PROJECT_ID=<YOUR_PROJECT_ID>

AR_REPO_NAME=repo
REGION=us-central1

3. Create the Transformers.js app

First, create a directory for the source code and cd into that directory.

mkdir transformers-js-codelab && cd $_

Create a package.json file.

{
    "name": "huggingface",
    "version": "1.0.0",
    "main": "index.js",
    "type": "module",
    "scripts": {
      "test": "echo \"Error: no test specified\" && exit 1"
    },
    "keywords": [],
    "author": "",
    "license": "ISC",
    "description": "",
    "dependencies": {
      "@huggingface/transformers": "^3.0.0-alpha.8",
      "@xenova/transformers": "^2.17.2",
      "express": "^4.17.1"
    }
  }

Create a file called index.js

import { pipeline } from "@xenova/transformers";

import express from 'express';

// make sure the text-generation pipeline is created first
// before anyone can access the routes
const generator = await pipeline('text-generation', 'Xenova/llama2.c-stories15M', {
    device: 'cuda',
    dtype: 'fp32',
});

// now create the app and routes
const app = express();

app.get('/', async (req, res) => {
  const text = 'A long time ago in a galaxy far far away,';
  const output = await generator(text, { max_new_tokens: 50 });
  res.send(output);
});

const port = parseInt(process.env.PORT) || 8080;
app.listen(port, () => {
  console.log(`transformers-js app: listening on port ${port}`);
});

Create a Dockerfile. The dockerfile will install additional NVIDIA drivers needed for Transformers.js

FROM node:20
WORKDIR /usr/src/app

RUN apt-get update && \
 apt-get install software-properties-common -y && \
 wget https://developer.download.nvidia.com/compute/cuda/repos/debian12/x86_64/cuda-keyring_1.1-1_all.deb && \
 dpkg -i cuda-keyring_1.1-1_all.deb && \
 add-apt-repository contrib && \
 apt-get update && \
 apt-get -y install cuda-toolkit-12-6 && \
 apt-get -y install cudnn-cuda-12

EXPOSE 8080
COPY package.json .

RUN npm install

COPY index.js .
ENTRYPOINT ["node", "index.js"]

4. Build and deploy the Cloud Run service

Create a repository in Artifact Registry.

gcloud artifacts repositories create $AR_REPO_NAME \
  --repository-format docker \
  --location us-central1

Submit your code to Cloud Build.

IMAGE=us-central1-docker.pkg.dev/$PROJECT_ID/$AR_REPO_NAME/gpu-transformers-js
gcloud builds submit --tag $IMAGE

Next, deploy to Cloud Run

gcloud beta run deploy transformers-js-codelab \
 --image=$IMAGE \
 --cpu 8 --memory 32Gi \
 --gpu=1 --no-cpu-throttling --gpu-type nvidia-l4 \
 --allow-unauthenticated \
 --region us-central1 \
 --project=$PROJECT_ID \
 --max-instances 1

5. Test the service

You can test the service by running the following:

SERVICE_URL=$(gcloud run services describe transformers-js-codelab --region $REGION --format 'value(status.url)')

curl $SERVICE_URL

and you will see something similar to the following:

[{"generated_text":"A long time ago in a galaxy far far away, there was a beautiful garden.
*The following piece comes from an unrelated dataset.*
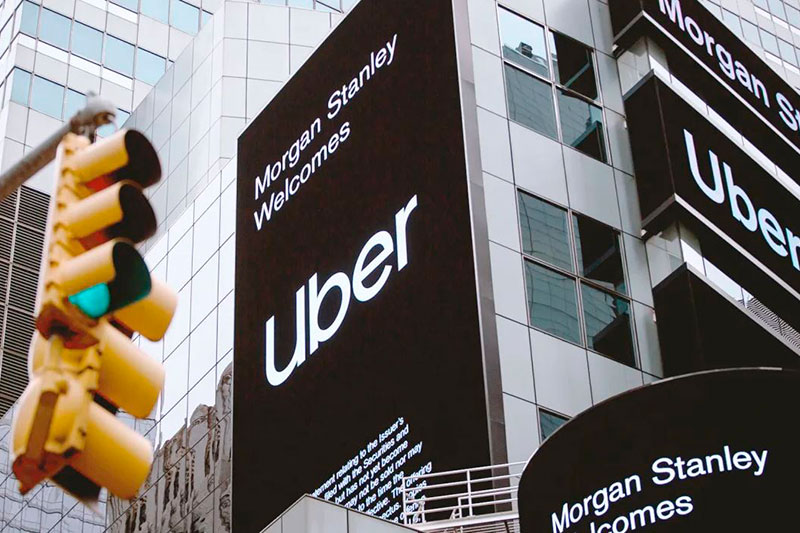 Агрегатор такси Uber разрешит оплачивать услуги такси криптовалютой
Every day, the little girl would go to the garden and look at the flowers. She loved the garden so much that she would come back every day to visit it.\nOne day, the little girl was walking through"}]

6. Congratulations!

Congratulations for completing the codelab!
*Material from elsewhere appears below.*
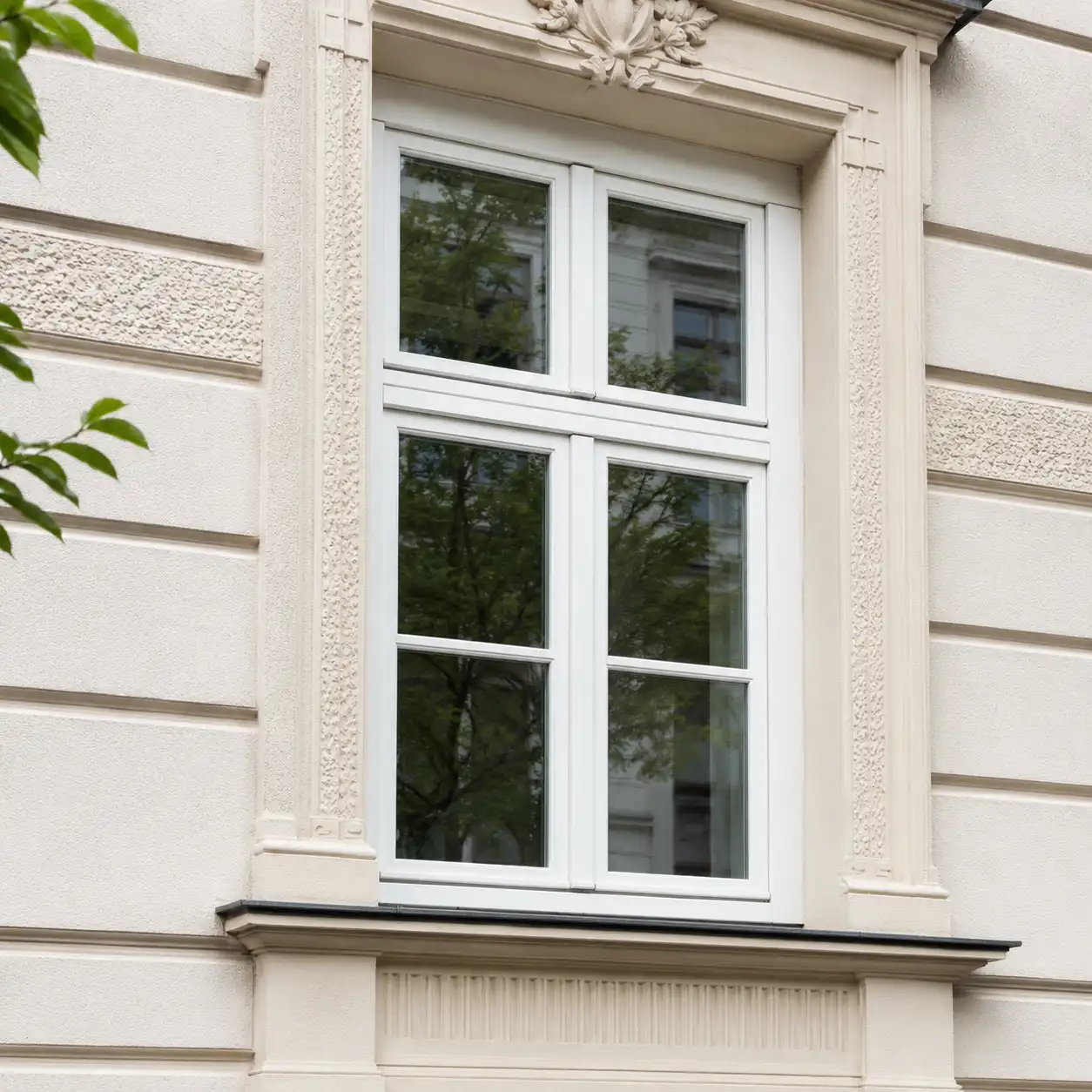 Holzfenster nach Maß von ecowindow-Monteur eingebaut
We recommend reviewing the documentation on Cloud Run GPUs.

What we've covered

  • How to run an app using Transformers.js on Cloud Run using GPUs

7. Clean up

To avoid inadvertent charges, (for example, if the Cloud Run services are inadvertently invoked more times than your monthly Cloud Run invokement allocation in the free tier), you can either delete the Cloud Run or delete the project you created in Step 2.

To delete the Cloud Run service, go to the Cloud Run Cloud Console at https://console.cloud.google.com/run and delete the transformers-js-codelab service.

If you choose to delete the entire project, you can go to https://console.cloud.google.com/cloud-resource-manager, select the project you created in Step 2, and choose Delete. If you delete the project, you'll need to change projects in your Cloud SDK. You can view the list of all available projects by running gcloud projects list.